Cove, by Cynan Jones
A man. A kayak. The sea. Not much else falls within the horizons of Cynan Jones’ new novel, a masterclass in concision, in trimming away everything extraneous until what remain is a short, stark, shock of a book where every word crackles with electricity. The man goes out to sea in a kayak. He takes with him his father’s ashes to scatter. He is struck by lightning. He awakens with no memory of who he is, or how he came to be there. He must pit himself against the elements and against his pain to get back to shore.
Cove is a brief book, pushing at the lower bounds of what might be deemed a novel, but plenty lies beneath the surface of Jones’ prose, just out of view.
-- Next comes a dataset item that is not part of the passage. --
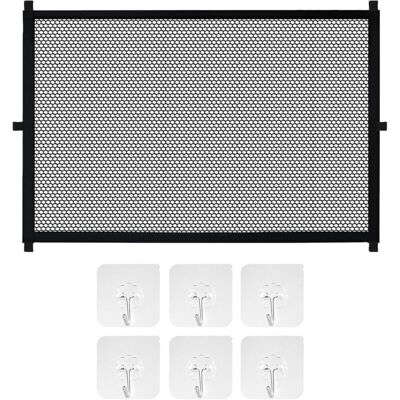 OEM Barrera De Seguridad Extensible, Sin Necesidad De Taladrar, De 110 X 72 Cm, Para Bebés Y Mascotas, Con 6 Ganchos Adhesivos, Malla Flexible, Para Puertas, Escaleras Y Pasillos Fácil De Instalar Y Econó OEM Barrera De Seguridad Extensible, Sin Necesidad De Taladrar, De 110 X 72 Cm, Para Bebés Y Mascotas, Con 6 Ganchos Adhesivos, Malla Flexible, Para Puertas, Escaleras Y Pasillos Fácil De Instalar Y Econó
Jones’ prose makes the familiar seem strange, with the simplest of objects taking on a new and elemental significance. The sea’s salt and the ash from the lightning strike form a “pyroclast” on the man’s skin, a volcanic flow. The man’s skin becomes imbued with the breathing of the earth. The world comes to Jones’ unnamed protagonist, his few miles of sea and his little plastic kayak. He’s hardly in a fit state to go to it.
Jones’ language shimmers with a suggestive poetry. Whilst the novel’s setting and the protagonist’s struggle might lend itself to parallels with The Old Man and the Sea, Jones’ bare, sparse lyricism could not be further removed from the rhythms of Hemingway’s prose. Cove’s short, spiky paragraphs, in some case barely a line long, sit on the page looking more like poetry than prose, telling at once everything and nothing.
The power of Jones’ writing lies not in moments of shock and drama, but in the slow buildup of a dimly apprehended tension, felt in the pit of the stomach. The feeling that your water is running out. The feeling that you’re too far out from the shore. The feeling that you won’t make it back. It’s in these moments of subtle horror that Cove truly grabs you.
I was kindly provided a review copy of Cove by Granta.